**PROVIDED MATERIAL:**
◇ ◇ ◇ ◇ ◇ ◇ ◇

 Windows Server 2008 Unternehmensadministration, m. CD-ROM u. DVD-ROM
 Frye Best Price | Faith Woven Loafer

◇ ◇ ◇ ◇ ◇ ◇ ◇

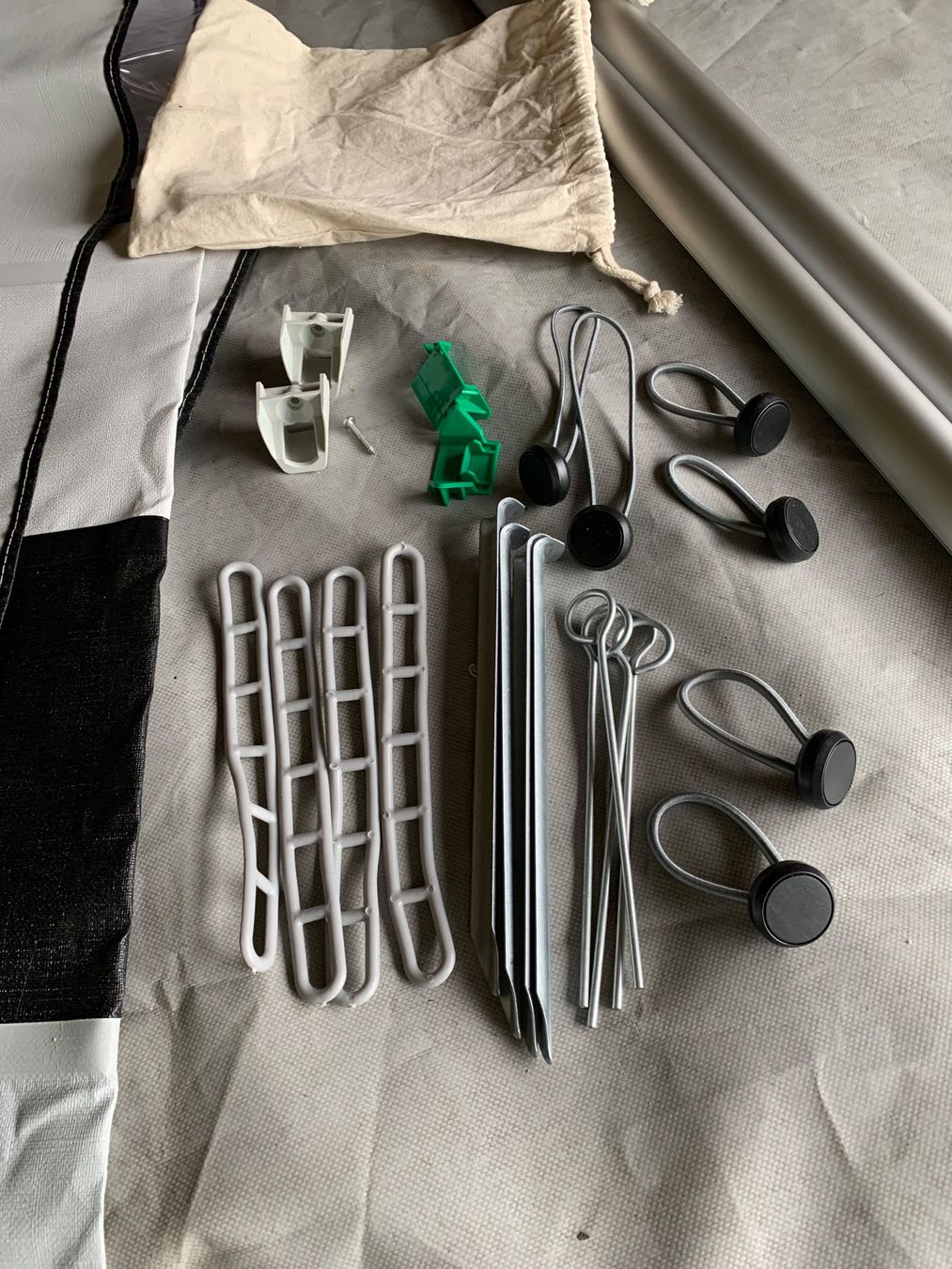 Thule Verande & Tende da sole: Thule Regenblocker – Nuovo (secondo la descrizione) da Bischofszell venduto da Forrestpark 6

◇ ◇ ◇ ◇ ◇ ◇ ◇

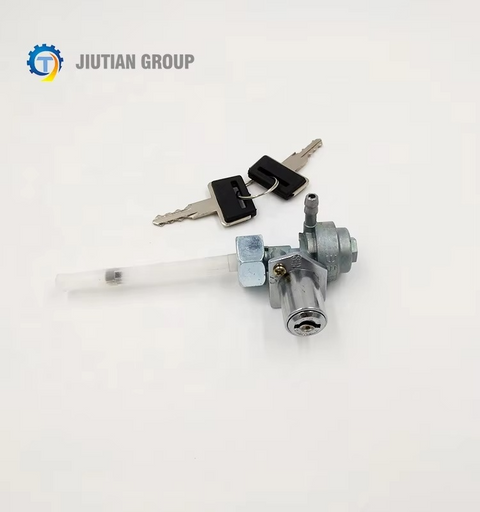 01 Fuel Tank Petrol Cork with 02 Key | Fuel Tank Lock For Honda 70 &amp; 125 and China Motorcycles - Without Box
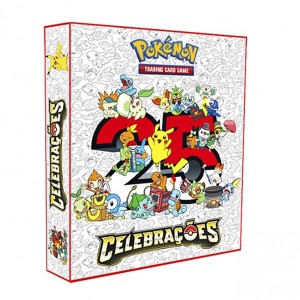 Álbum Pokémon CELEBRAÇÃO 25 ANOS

◇ ◇ ◇ ◇ ◇ ◇ ◇

**PROBLEM REQUIREMENTS:** Start with the line above that contains "Windows Server 2008" and stop after the line that contains "Frye Best Price | Faith Woven Loafer". Output those lines exactly, and only those.

**OUTPUT OF THE EXERCISE:**
 Windows Server 2008 Unternehmensadministration, m. CD-ROM u. DVD-ROM
 Frye Best Price | Faith Woven Loafer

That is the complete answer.